The data in this competition comes from an online platform, not from Facebook.
Files
- train.csv - the training set from the bidder dataset
- test.csv - the test set from the bidder dataset
- sampleSubmission.csv - a sample submission file in the correct format
- bids.csv - the bid dataset
Data fields
the bidder dataset
- bidder_id – Unique identifier of a bidder.
- payment_account – Payment account associated with a bidder. These are obfuscated to protect privacy.
- address – Mailing address of a bidder. These are obfuscated to protect privacy.
- outcome – Label of a bidder indicating whether or not it is a robot. Value 1.0 indicates a robot, where value 0.0 indicates human. The outcome was half hand labeled, half stats-based. There are two types of "bots" with different levels of proof:
- Bidders who are identified as bots/fraudulent with clear proof. Their accounts were banned by the auction site.
- Bidder who may have just started their business/clicks or their stats exceed from system wide average. There are no clear proof that they are bots.
the bid dataset
- bid_id - unique id for this bid
- bidder_id – Unique identifier of a bidder (same as the bidder_id used in train.csv and test.csv)

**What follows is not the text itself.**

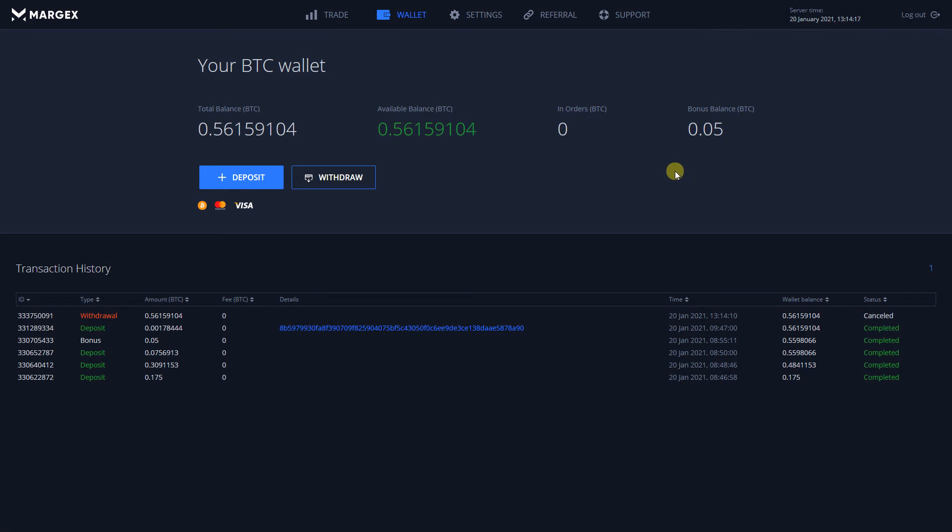Due to our strict security policies, all of the withdrawals are processed from within a cold wallet once a day, at approximately 13 o'clock UTC.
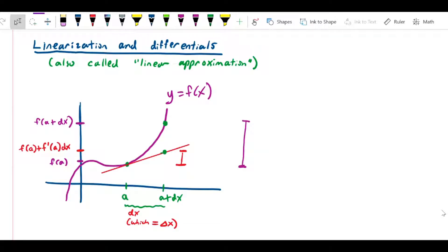We come now to the subject of linearization and differentials. This topic is also called linear approximation — that's often how I'll refer to it, as that's the name given to it in other books. Basically, what this topic is about is using the tangent line at a particular point that we'll call x equals a. We'll also give it the name 'center,' for a reason that will much later become apparent. We can take the tangent line at x equals a and use it to stand in for a given function.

- auction – Unique identifier of an auction
- merchandise – The category of the auction site campaign, which means the bidder might come to this site by way of searching for "home goods" but ended up bidding for "sporting goods" - and that leads to this field being "home goods". This categorical field could be a search term, or online advertisement.
- device – Phone model of a visitor
- time - Time that the bid is made (transformed to protect privacy).
- country - The country that the IP belongs to
- ip – IP address of a bidder (obfuscated to protect privacy).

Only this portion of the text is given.